> _EXERCISE MATERIALS_:
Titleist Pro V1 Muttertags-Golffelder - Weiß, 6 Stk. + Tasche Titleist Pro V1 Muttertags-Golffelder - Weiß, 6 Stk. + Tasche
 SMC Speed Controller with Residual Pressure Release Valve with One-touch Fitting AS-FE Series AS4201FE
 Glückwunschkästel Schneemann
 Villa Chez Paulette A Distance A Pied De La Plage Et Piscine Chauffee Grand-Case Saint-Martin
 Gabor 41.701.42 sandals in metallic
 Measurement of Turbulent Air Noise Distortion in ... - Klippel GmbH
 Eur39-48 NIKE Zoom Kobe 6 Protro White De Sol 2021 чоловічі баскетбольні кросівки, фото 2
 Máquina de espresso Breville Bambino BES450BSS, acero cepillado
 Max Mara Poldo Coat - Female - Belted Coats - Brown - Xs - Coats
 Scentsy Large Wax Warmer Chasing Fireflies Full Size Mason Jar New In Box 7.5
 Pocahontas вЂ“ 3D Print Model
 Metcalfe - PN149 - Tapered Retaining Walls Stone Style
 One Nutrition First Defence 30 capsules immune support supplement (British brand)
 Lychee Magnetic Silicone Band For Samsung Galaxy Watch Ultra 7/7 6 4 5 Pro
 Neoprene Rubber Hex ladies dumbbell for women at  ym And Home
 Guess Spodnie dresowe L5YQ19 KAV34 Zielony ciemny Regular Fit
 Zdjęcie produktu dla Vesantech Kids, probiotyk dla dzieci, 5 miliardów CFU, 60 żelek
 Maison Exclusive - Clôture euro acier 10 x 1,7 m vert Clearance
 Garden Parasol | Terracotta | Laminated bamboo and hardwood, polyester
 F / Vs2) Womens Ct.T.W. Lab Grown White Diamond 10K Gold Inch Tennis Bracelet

> _PROBLEM STATEMENT_:
Return nothing but the lines from the top of the records above through the line that has "Glückwunschkästel Schneemann". Keep each one exact.

> _WRITTEN ANSWER_:
Titleist Pro V1 Muttertags-Golffelder - Weiß, 6 Stk. + Tasche Titleist Pro V1 Muttertags-Golffelder - Weiß, 6 Stk. + Tasche
 SMC Speed Controller with Residual Pressure Release Valve with One-touch Fitting AS-FE Series AS4201FE
 Glückwunschkästel Schneemann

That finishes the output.